[ClusterLabs] How to fence cluster node when SAN filesystem fail

Wed May 3 02:20:06 UTC 2017

Hi Klaus,

Thank you for your quickly reply.

Below is my crm_resource output :
# crm_resource --resource ora_fs -query-xml
ora_fs (ocf::heartbeat:Filesystem):    Started node2.albertlab.com
xml:
<primitive class="ocf" id="ora_fs" provider="heartbeat" type="Filesystem">
  <instance_attributes id="ora_fs-instance_attributes">
    <nvpair id="ora_fs-instance_attributes-device" name="device"
value="/dev/mapper/volgroup-lvgroup"/>
    <nvpair id="ora_fs-instance_attributes-directory" name="directory"
value="/oradata"/>
    <nvpair id="ora_fs-instance_attributes-fstype" name="fstype"
value="ext4"/>
  </instance_attributes>
  <operations>
    <op id="ora_fs-start-interval-0s" interval="0s" name="start"
timeout="60"/>
    <op id="ora_fs-stop-interval-0s" interval="0s" name="stop"
timeout="60"/>
    <op id="ora_fs-monitor-interval-20" interval="20" name="monitor"
timeout="40"/>
  </operations>
</primitive>

I checked the document about 'on-fail' operation, you're right, my
filesystem resource behavior work correctly , it failover to another node
to 'restart' the resource. so, if i add the on-fail parameter for "move to
another node and fence the node itself" purpose as below, am i right ?

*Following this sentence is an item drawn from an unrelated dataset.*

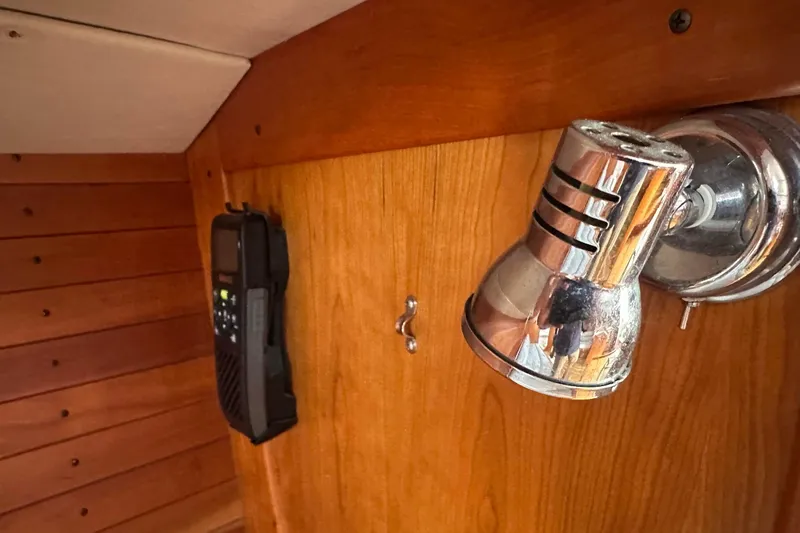 Slide: The Image of Interior of 2004 J Boats J/109 with wooden paneling and mounted light fixture. - 53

# pcs resource op remove ora_fs monitor
# pcs resource op add ora_fs monitor interval=20 timeout=40 on-fail=fence

I'm curios about why only my 'filesystem' resource will not trigger
stonith, but when 'vip' resource fail, the resource located host will be
triggered reboot immediately. (stonith : fence_ipmilan)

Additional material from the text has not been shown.